NASA-Mission Artemis I: Der Countdown läuft

Stand: 04.08.2022 12:20 Uhr

Es muss weniger als drei Jahre dauern, bis Astronauten wieder vom Mond zur Erde blicken können. Zuvor muss aber noch die nötige Rakete getestet werden. Die NASA hat nun das sogenannte Artemis-I-Programm eingeführt.

Von Florian Mayer, ARD-Studio Washington

NASA-Präsident Bill Nelson versuchte nicht einmal, seine Aufregung bei der Pressekonferenz über die bevorstehende Mondmission zu verbergen. Nelson sagte, die stärkste Rakete, die die NASA jemals ins All geschossen hat, nur 26 Tage nach dem Start von Pad 39B im Kennedy Space Center. Es startete auch Saturn-5-Raketen auf Mond- und Space-Shuttle-Flügen.

Am 29. August wird dort erneut Geschichte geschrieben: Dort beginnt das Artemis-Programm, das Menschen nach 50 Jahren auf den Mond zurückbringen soll. Innerhalb von zwei Wochen sollen die neu entwickelte Rakete namens SLS und die neu entwickelte Orion-Raumkapsel darauf zur Startrampe gebracht werden, sagte Mike Sarafin, Leiter der Artemis-I-Mission.

Sehen Sie selbst die kleinsten Details

Artemis I wird jedoch keine Menschen zum Mond bringen. Es ist ein Testflug, bei dem sowohl die Rakete als auch die Raumkapsel bis ins kleinste Detail untersucht werden. Läuft der Start reibungslos? Feuern Sie Booster-Raketen ab? Zündet der Hauptmotor? Trennen sich die Trägerraketen wie geplant und trennt sich die Raumkapsel rechtzeitig von der Rakete? Sarafin betonte, dass alles perfekt zusammenarbeiten müsse, um Orion auf den Weg zum Mond zu schicken.

Um Orion-Kapselsysteme im Weltraum betreiben zu können, nutzt die NASA ein von der Europäischen Weltraumorganisation (ESA) entwickeltes Modul. Laut NASA-Chef Nielson hat die Europäische Weltraumorganisation bereits den Mond überquert: „Vor ein paar Wochen war ich in Europa und sie waren gaga“, sagte er stolz.

Keine Passagiere, keine Landungen

Die Kapsel wird 42 Tage im All bleiben und den Mond in einer Ellipsenform umkreisen – am mondnächsten Punkt nur 100 Kilometer von seiner Oberfläche entfernt, am entferntesten mehr als 6000 Kilometer. Es gibt also noch keine Mondlandung und es sind keine Menschen an Bord. Das Ziel dieses ersten Fluges ist nur das Sammeln von Daten und Informationen.
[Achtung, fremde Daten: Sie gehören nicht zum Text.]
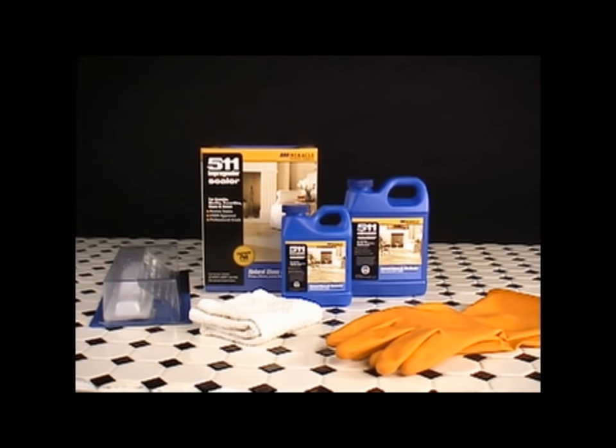The only tools necessary to apply 511 Impregnator for a small to medium-sized job are a metal or plastic tray, a miracle applicator, and a clean white towel.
Aber die Passagiere sind noch an Bord: Im Cockpit der Kapsel sitzt eine nach Commander Monekin Campos benannte Attrappe. Da es mit zahlreichen Sensoren ausgestattet ist, muss die Kraft gemessen werden, die auf Astronauten beim Start und Wiedereintritt in die Erdatmosphäre einwirkt, sagte Bhavya Lal vom NASA-Hauptquartier.

Härtetest am Ende

Aber Commander Monekin fliegt nicht alleine. Zwei weitere ähnlich ausgerüstete Puppen fliegen ebenfalls, um die Auswirkungen der Strahlung auf diese Mission zu untersuchen. Vor allem bei Astronauten, die anders von der Strahlung betroffen sind als Männer. Deshalb sind auch mit an Bord: Helga und Soha.
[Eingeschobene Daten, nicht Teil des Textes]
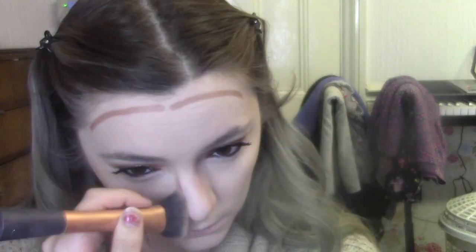I actually kind of prefer to use a brush to blend this out, but if it doesn't blend enough I'll go in with a sponge afterwards. I may have put way too much on here — this is the Real Techniques Expert Face Brush — yeah, I definitely put way too much on. I'm just going to keep blending until it sort of looks okay.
Am Ende folgt ein Stresstest. Der Wiedereintritt in die Atmosphäre des Orion wird schwieriger sein als alles, was die NASA bisher in der bemannten Raumfahrt getan hat. Laut einem Bericht von Nelson wird die Kapsel mit 32-facher Schallgeschwindigkeit in die Erdatmosphäre einschlagen. Das entspricht etwa 40.000 Kilometern pro Stunde. Die Unterseite der Kapsel wird heißer als die Seite des Space Shuttles.

Dieser kritischen Phase am Ende der Mission wollen NASA-Wissenschaftler deshalb besondere Aufmerksamkeit widmen. Wenn hier etwas schief geht, verglüht das Milliardenprojekt in der Erdatmosphäre und der Traum vom nächsten Flug zum Mond gehört der Vergangenheit an.